The view from my favorite chair was of the river and the rocks that carved the river into rapids.  There were tea roses growing among the rocks, dogwoods enough, and wild day lilies. It sounds more beautiful than it was.  Next door was a junky little campground catering to Florida refugees.  Farther along stood an industrial rock crusher and mounds of gravel a hundred feet tall, with dump trucks coming and going all day.

Sitting in my favorite chair, you saw no evidence of neighbors, only the river running east and a ridge line of poplar and hemlock trees.  In my chair I drank coffee each morning, stared at the river, and sometimes read the King James Bible.  Not to seek guidance or in fear of going to hell; I read scripture for the poetry of it, the sounds of the words, those towering verses that rang like bronze bells:

“ . . . Yea though I walk through the valley of the shadow . . . Our father who art in heaven . . .”

I hoped to get some of that quality of bronze into my own writing, to replace the ring of tin.  I had not been religious since learning that Santa Claus was a lie.

One morning I was browsing the New Testament, when coming upon the Lord’s Prayer, I set the book aside and gazed at the river, reciting the prayer from Presbyterian memory.

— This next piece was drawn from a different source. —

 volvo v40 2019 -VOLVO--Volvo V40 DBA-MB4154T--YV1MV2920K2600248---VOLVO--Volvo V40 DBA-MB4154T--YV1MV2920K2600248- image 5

I hadn’t been inside a church in seventeen years.  The last time had been the occasion my father’s funeral.  Not that his sudden demise triggered a further loss of faith after Santa Claus went up in smoke.  From the time I was twelve years old, I believed in nothing I could not see.  Most days growing up, I did not see much of my father.

I recited the Lord’s Prayer, listening to the sounds, the music of the language, imbibing the rhythm,.  “. . . thy kingdom come, thy will be done . . .”

Suddenly my attention, my line-of-sight, shifted to the interior wall of the cabin, the knotty pine paneling.

I focused on a single pine knot.

Suddenly the grain of the wood was magnified, such that I clearly saw the individual crevices of the grain, the play of light and shadow in minute relief.  It looked as if the wood were breathing, pulsing.  Dumbfounded, I stopped reciting, shook my head, and looked again.

The pine paneling was polka-dotted with knots.  Now I couldn’t tell which one I’d been looking at.  I chose another and recited again, wondering if another magnification would occur.

Like somebody flipped a switch, the pulsing started, my eyesight grew acute.

I sort of giggled, because along with enhanced vision came a pleasurable sensation of calm.

Again I recited the words, and again came a magnification of my senses, eyesight and hearing, also the pleasurable sensation of calm.

I could not let it happen without trying to understand.  Reasoning with the experience brought it to an end.

I wondered if the rhythm of the words, the phonetics of the language, had brought it on.  It felt good to repeat the prayer, the calming effect occurred consistently.  I did not attach sentiments of Christian faith to the words.  The cause and effect seemed to be purely mechanical.

Around town in public, I found myself repeating the prayer silently.  Nobody could tell.  I could do it all I wanted.

And in the woods, in the late afternoons, after writing, when I would take off alone and wander, the enhancement of eyesight and hearing gave me a leg a up among the other animals.  Another strange thing was how my sense of direction improved.  In the woods in the mountains sometimes it was easy to get turned around.  But I did not get lost anymore when I repeated the words, and went the way instinct told me to go.

The sensation of calm certainty, when coming to a fork-in-the-road, and you decide.  The way to go is the truth of the compass inside you.